Edmund circled her waist in support, dismissing the noisy snorts of disapproval from the bustling citygoers.

“Madame Rafaramanjaka won’t betray your past, I assure you. She’ll never get an audience with the couple who might be your parents,” he said firmly. “Not
this
couple.”

Amy blinked. “Why? Who are they?”

 

The party traveled along Brook Street, making their way toward Grosvenor Square. Servants fussed with the knockers and cleaned the front steps with brooms in preparation for the arrival of their wealthy masters and mistresses, who were making their way into Town for the start of the Season.
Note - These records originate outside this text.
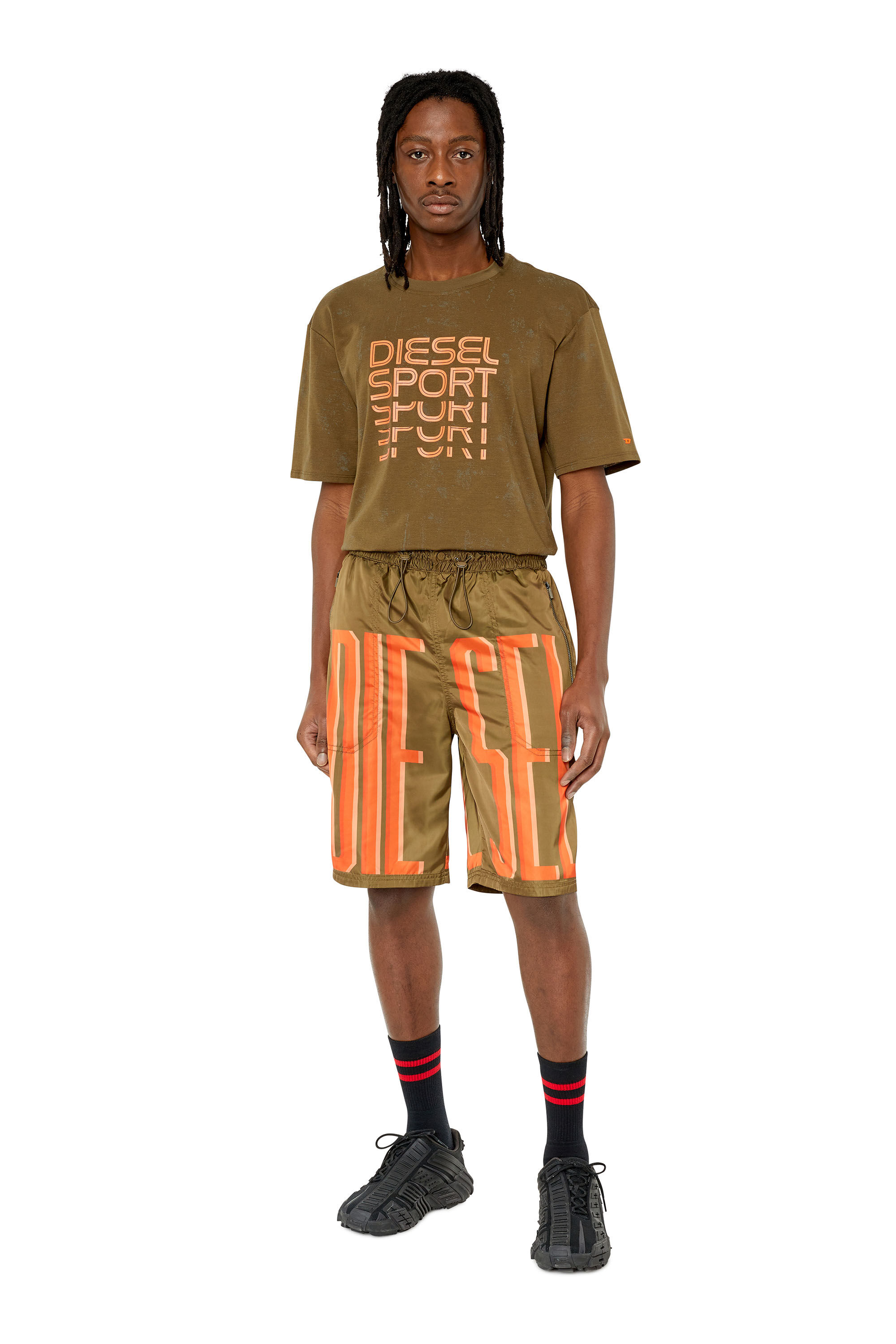 Diesel - AMTEE-DUNCAN-HT16, Male's トレーニング Tシャツ ロゴ DIESEL SPORT in Brown - 1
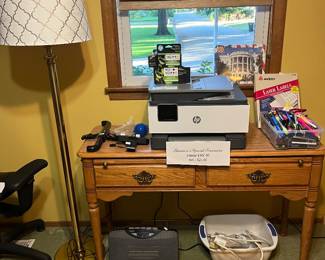 Side table, Hp printer, floor lamp, portable heater, power strips, office supplies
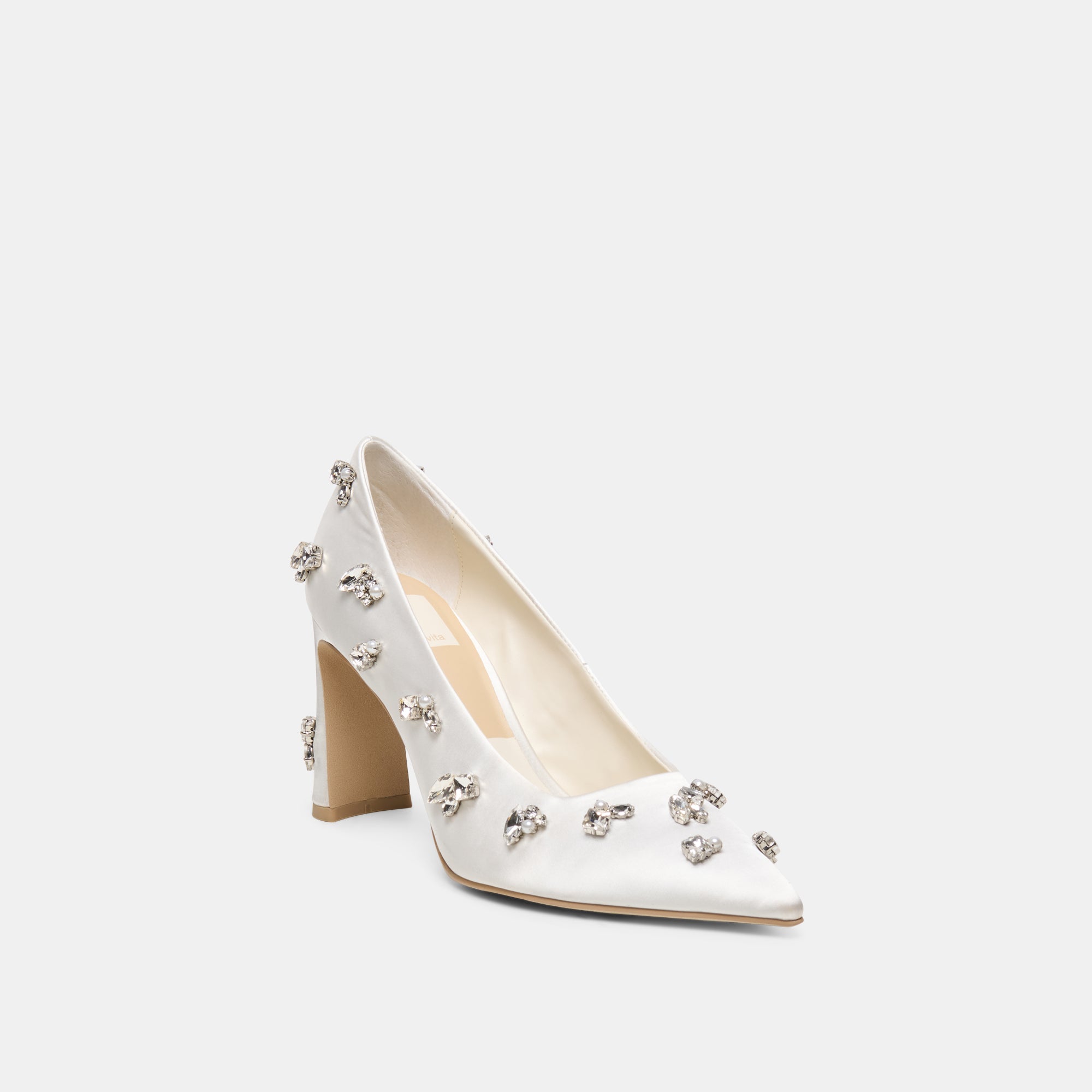 KAYNA RHINESTONE WHITE SATIN - view 2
Edmund was seated beside Amy in the coach, James and Sophia positioned on the opposite squabs. The journey into the heart of Mayfair was a silent one in deference to Amy’s comfort. The lass still looked bemused at the possible turn in her fortune. It was quiet inside the vehicle for another reason, too: the brothers were still at odds.

Edmund regarded Amy’s profile; sleek, prim. He remembered her haughty manners in the rookeries, her distaste for the lower classes, her desire to better herself, and as he studied her aristocratic contours, he wondered how he’d overlooked her likely heritage…or perhaps he’d not wanted to see the blue-blooded indicators; perhaps he’d willfully ignored them.

She was covered in rich, honey yellow linen taffeta. The fine fabric fit her figure in snug fashion; it was especially designed for her shape. The piece was part of the new wardrobe Quincy had ordered for her. He had instructed the seamstress to create the dress from the best material—and had forwarded the bill to Edmund.